Tanium-managed dashboards use data that Tanium solutions provide. To access all content in Tanium-managed dashboards, you must install all feature-specific solution dependencies. For information, see Solution dependencies.

Emerging issue dashboards

An emerging issue dashboard contains details for a specific vulnerability, including the latest information about the threat and customized information about the potential exposure based on real-time telemetry of your environment. Emerging issue dashboards contain the following sections:

  • Overview and Contributing Factors: Highlights of the latest industry information and Tanium insights on the vulnerability.
  • Status: Current and temporal view of endpoints that are vulnerable, not vulnerable, or not applicable to the emerging issue.
  • Tanium/Related Content and References: Consolidated research and packages from reputable sources for reference and assessment.
  • Deploy Action: If applicable mitigation or remediation steps are available, you can pivot directly to deploying packages that Tanium has developed to help you lower your risk profile through targeted actions against vulnerable endpoints.
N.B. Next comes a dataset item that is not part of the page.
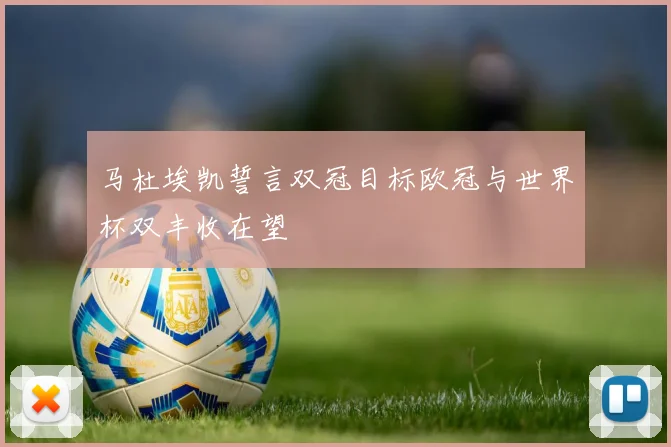 马杜埃凯誓言双冠目标欧冠与世界杯双丰收在望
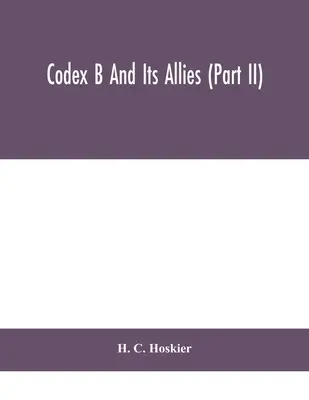 Kódex B a jeho spojenci (II. časť) - Codex B and its allies (Part II)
Tanium-managed dashboards include several emerging issue dashboards that you can access through Reporting (see View dashboards) and through Tanium™ Feed notifications (see Tanium Feed User Guide: View notifications). For details about these dashboards, see Tanium Community article: Introducing Tanium Alerts and Recommendations for Critical Vulnerabilities (registration is required).

To create a custom emerging issue dashboard, create a dashboard (see Create dashboards) that includes the following panel types:

  • Text panel: Add text, links, and metrics that contain the overview, Tanium/related content, and references. See Add text panels.

  • Action panel: Add the count of affected endpoints and corrective actions. See Add action panels.

The following example of an emerging issue dashboard addresses the HiveNightmare vulnerability:

Emerging issue dashboard

Interoperability with other Tanium products

Reporting works with other Tanium solutions for additional reporting of related data.

API Gateway

You can use Tanium™ API Gateway to:

  • Filter reports: You can filter reports based on their name, description, author (creator), content set, creation date/time, labels, and associated Tanium solution. See Reporting query filter syntax.

  • Retrieve, export, or import reports: See Reporting examples.

For additional information about features that are available through API Gateway, see Tanium API Gateway User Guide: Schema reference.

Connect

Configure a Tanium™ Connect destination to export reports outside of Tanium. For more information, see Export reports through Tanium Connect.

Interact

Reporting uses data that is stored in the Tanium Data Service, which is included with Tanium Interact. For information, see Data sources.